After 13 editions with the theme "Art & ____" - for example Art & Skin this year - the annual arts festival will now draw on iconic works from the past.

Its 14th edition, which will feature works inspired by Singaporean contemporary artist Amanda Heng's performance art Let's Walk.

The piece was created in response to the 1997 Asian financial crisis, when female employees were the first to get retrenched, while the beauty industry experienced a boom as women tried to enhance their looks to keep their jobs.

In 1999, Heng invited members of the public to join her in walking backwards in the streets with high-heeled shoes in their mouths, while guiding themselves with handheld mirrors.

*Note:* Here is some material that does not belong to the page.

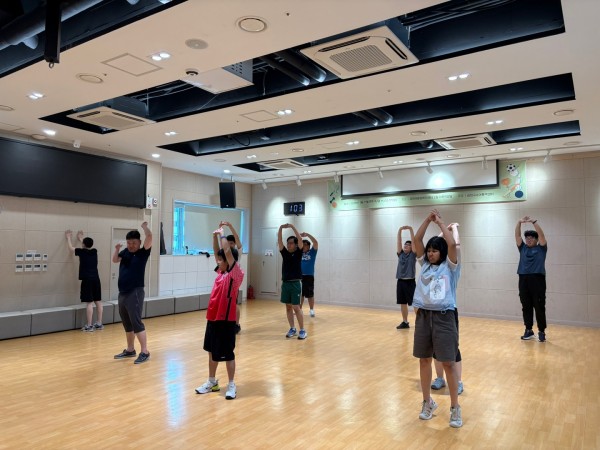 준비운동 하는 모습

Festival director Sean Tobin, 45, said the festival's new direction is not "about nostalgia, sentimentality or placing an artist on a pedestal".

He added: "I believe it's completely possible and very vital that as we find new directions in art making, we remain mindful of what led us to this point."

Many of the 16 works from seven countries at the festival will follow in Heng's footsteps in confronting gender norms and societal pressures.

The Immortal Sole, a dance theatre work by M1-The Straits Times Life Theatre Awards winner Edith Podesta, explores beauty and inequality through a retelling of the fairy tale The Little Mermaid, while In Pink Gajah Theatre's piece Hayat, a woman on the verge of her twilight years explores her mortality.

The festival will also revisit the work of Heng, 65, a Cultural Medallion recipient, through an exhibition titled A Walked Line Can Never Be Erased at Objectifs in May next year.

The exhibition will include work created through a new solo walk by Heng, I Walk From The South To The North, in which she walks across Singapore from Clifford Pier to Woodlands Checkpoint.

"Walking art engages the body in real-life environment and presents the experience as the art," she said.

She added that it is a "superficial assumption" that women's position in society has improved greatly since she first did Let's Walk. "There are still differences in salary scales for males and females in employment and women are the first in line for retrenchment during a recession."

In response to The Glory Hoes' statement, the Fringe team issued its own statement explaining its reason for withdrawing the collective's event.

"Given the Fringe's recent circumstances and experiences in 2017's edition, the organising team is taking special care not to have a recurrence of a furore where works presented are taken out of context by smaller, possibly less discerning groups of people. It is our belief that such misconstruing of works is counterproductive and damaging not only to the works themselves and the Fringe, but also to public education," it said.

The Fringe team added that it is "constantly trying to negotiate the positions of the audience, the sponsors and the artists" it is presenting and has discussed with The Glory Hoes the possibility of presenting them at a future edition of the festival.

It clarified that sponsor M1 has been supporting "challenging and socially engaged works and not interfered with the Fringe's programming".

"We look forward to the upcoming Fringes in 2018 and beyond and hope to continue engaging in dialogue and discussion with audiences and artists alike," the Fringe team said.